> ACTIVITY
Copy each line below exactly and leave the pictures out.

> DATA BLOCK
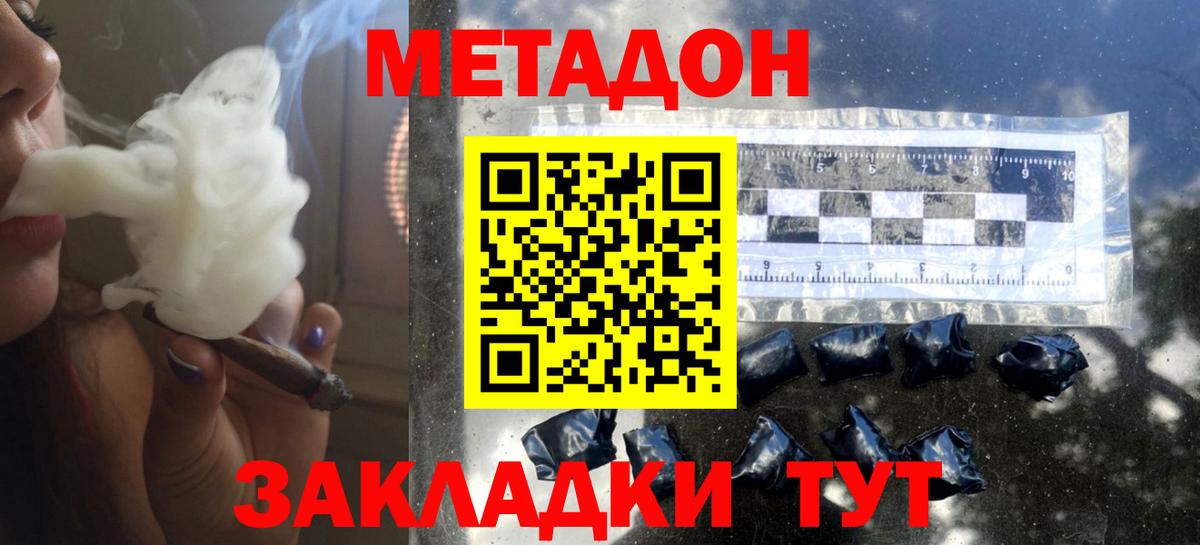 МЕТАДОН VHQ Ефремов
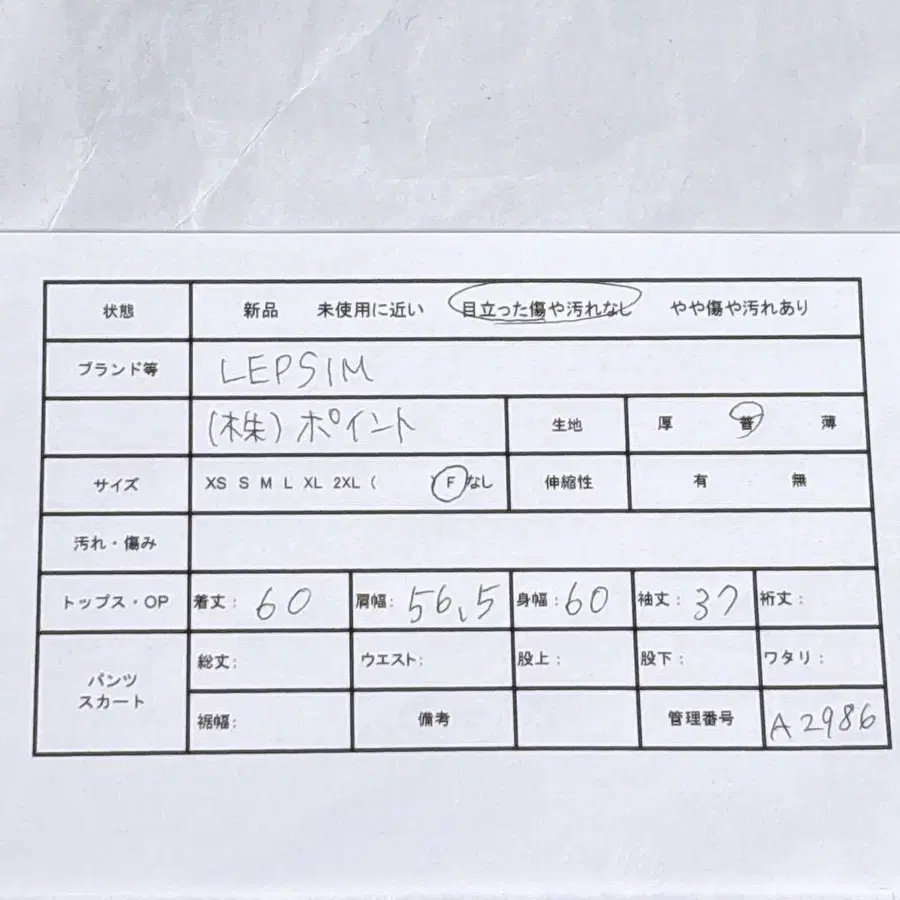 2번째 상품 이미지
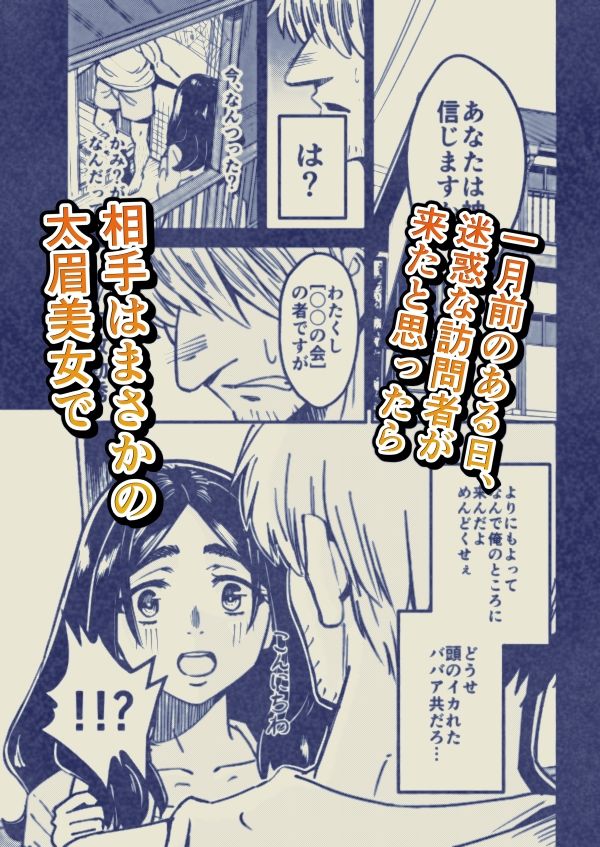 【d_644693】八ノ字太眉剛毛人妻の拗らせ宗教勧誘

> SOLUTION TO THE EXERCISE
 МЕТАДОН VHQ Ефремов
 2번째 상품 이미지
 【d_644693】八ノ字太眉剛毛人妻の拗らせ宗教勧誘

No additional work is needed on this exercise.